Monday, June 25, 2012

Bad Schadenfreude, Bad!


When writing about environmental calamity descending on the United States one must resist the urge to resort to "they had it coming."  Yes, America has been a huge and to date insurmountable obstacle to any meaningful global consensus on fighting climate change.  Yes, that's especially true for the American south and its "heartland" of the mid-west, the areas plagued by protracted drought or cyclical droughts and floods.  But, still...

Americans are coming around.   They are accepting the reality of climate change although they're much less accepting of the link between what is happening and the root cause of global warming.  And, according to new research, a lot more Americans along their Atlantic coast are going to "get it" very soon.

"Sea level rise is accelerating three to four times faster along the densely populated east coast of the US than other US coasts, scientists have discovered. The zone, dubbed a "hotspot" by the researchers, means the ocean from Boston to New York to North Carolina is set to experience a rise up a third greater than that seen globally.

"Asbury Sallenger, at the US geological survey at St Petersburg, Florida, who led the new study, said: "That makes storm surges that much higher and the reach of the waves that crash onto the coast that much higher. In terms of people and communities preparing for these things, there are extreme regional variations and we need to keep that in mind. We can't view sea level rise as uniform, like filling up a bath tub. Some places will rise quicker than others and the whole urban corridor of north-east US is one of these places."


"'Coastal communities have less time to adapt if sea levels rise faster," said Stefan Rahmstorf, at the Potsdam Institute Germany, who published a separate study in the same journal, Nature Climate Change, on Sunday. Rahmstorf's team showed that even relatively mild climate change, limited to 2C, would cause global sea level to rise between 1.5 and 4 metres by the year 2300. If nations acted to cutting carbon emissions so the temperature rise was only 1.5C, the sea level rise would be halved, the researchers found.

"The impacts of the rising seas are potentially devastating, said the scientists. "As an example, 1 metre of sea level rise could raise the frequency of severe flooding of New York city from once per century to once every three years," said Rahmstorf, adding that low lying countries like Bangladesh are likely to be severely affected. His colleague Michiel Schaeffer, at Wageningen University in the Netherlands, said: "Sea level rise is a hard to quantify, yet a critical risk of climate change.
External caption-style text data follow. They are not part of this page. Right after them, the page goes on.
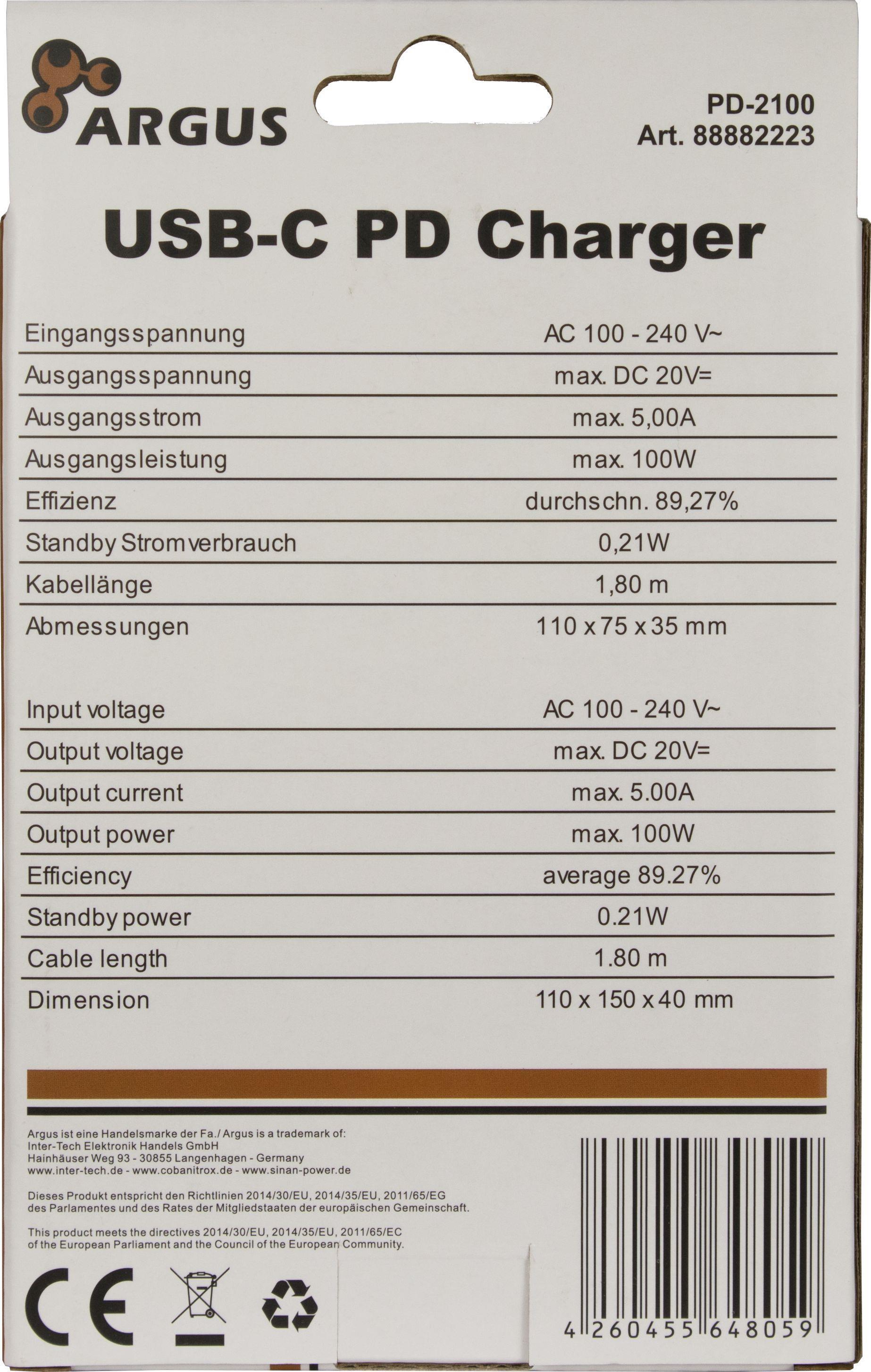 Argus PD-2100 USB Typ-C PD Ladegerät 100W PD-Charging können mit 5/9/12/15/20V max. 100W geladen werden, Kabellänge 1.8m, Abmessungen: 110 x 75 x 35 mm (88882223)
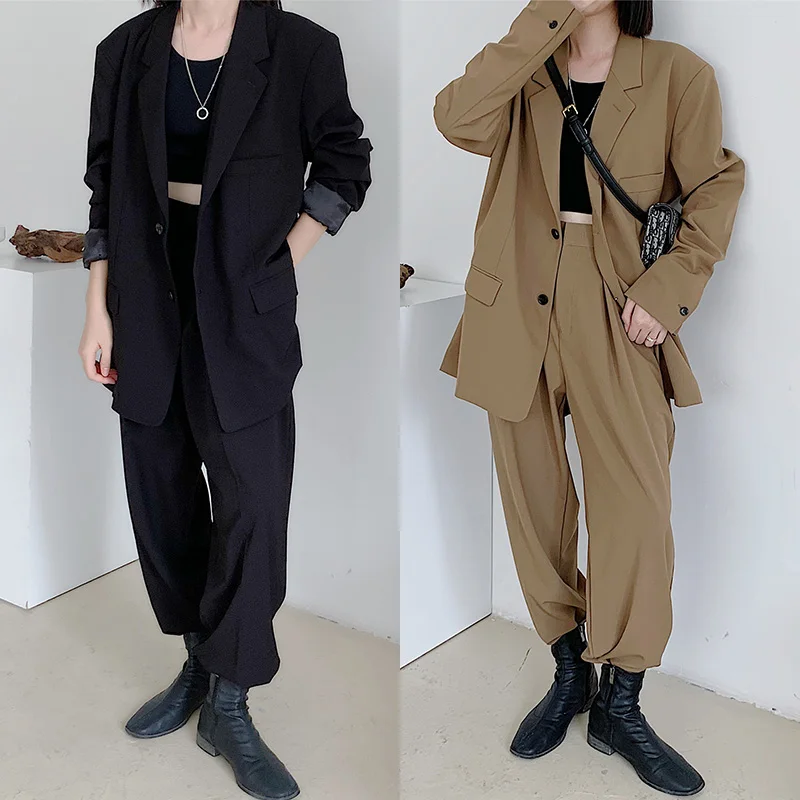 

Korean-Style Loose Casual Suit Women Chic Outfits Single Breasted Blazer Jacket and Drape Pant Casual Suit 2 Pieces Set
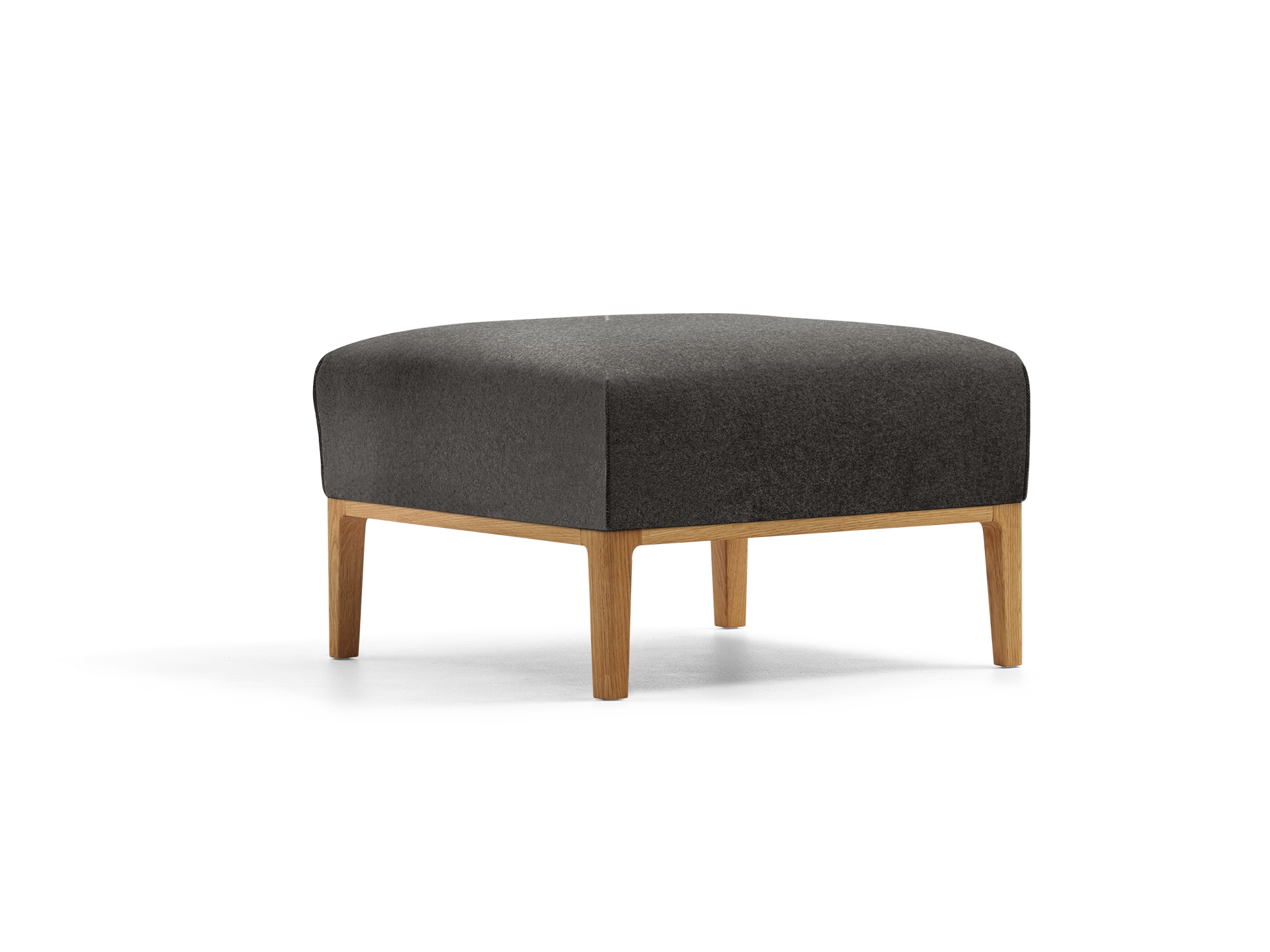 Hocker Lorea, Eiche, mit Bezug Wollstoff Stavang Schiefer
Due to the long time it takes for the world's ice and water masses to react to global warming, our emissions today determine sea levels for centuries to come."

Sea level rise is expected to introduce a phenomenon new to North America, that of "internally displace persons" or IDPs.   We have learned to associate the term with populations of war-ravaged countries like Iraq or Afghanistan that migrate out of conflict hotspots to safer locales within their own countries.   In North America, sea level rise resulting in flooding, storm surges, coastal erosion and saltwater inundation; combined with megadrought in the south and the exhaustion of groundwater resources, is expected to render large regions, some of them heavily populated, less habitable or even uninhabitable, giving rise to internally displaced populations.   This challenge will arrive at roughly the same time as the U.S. has to confront climate migration heading north out of Central America and Mexico.   Whether northern or southern hemisphere, climate migration will be polar oriented.

And what of Canada?  Is it realistic to expect this magnified sea level increase to halt at the Canadian border?   What does it hold for the Maritime provinces?  Do we need to prepare for some degree of population relocation - on both coasts.

The flooding underway on British Columbia's Fraser River is a harbinger of things to come.  59 per cent of the B.C. population is resident in the Lower Mainland, most of which is the low-lying Fraser River estuary abutting the rising sea.   Large parts of built-up municipalities such as Richmond are already below sea level.  This region is faced with a witches' brew of climate change challenges - heavy winter snowpacks and early Spring thaws; ground level subsidence; meltwater flooding; sea level rise and the associated threats from storm surges and saltwater inundation.   In other words, even as the population of the Lower Mainland continues to burgeon, climate change impacts just beginning to appear will make it increasingly difficult to sustain large population loads.   These changes will also make it increasingly difficult to weather the mega-earthquake expected to hit the region sometime within this century.

These are challenges that Harper's emasculated EnviroCan is left to kick down the road to await some future government that puts Canadians, including the coming generations, ahead of our fossil-fuel revenue addiction.

8 comments:

kootcoot said...

We need not worry about rising sea levels, because North Carolina has legislated against them. I am confident that the ocean has enough respect for the law of North Carolina to not be in violation, aren't ya'll?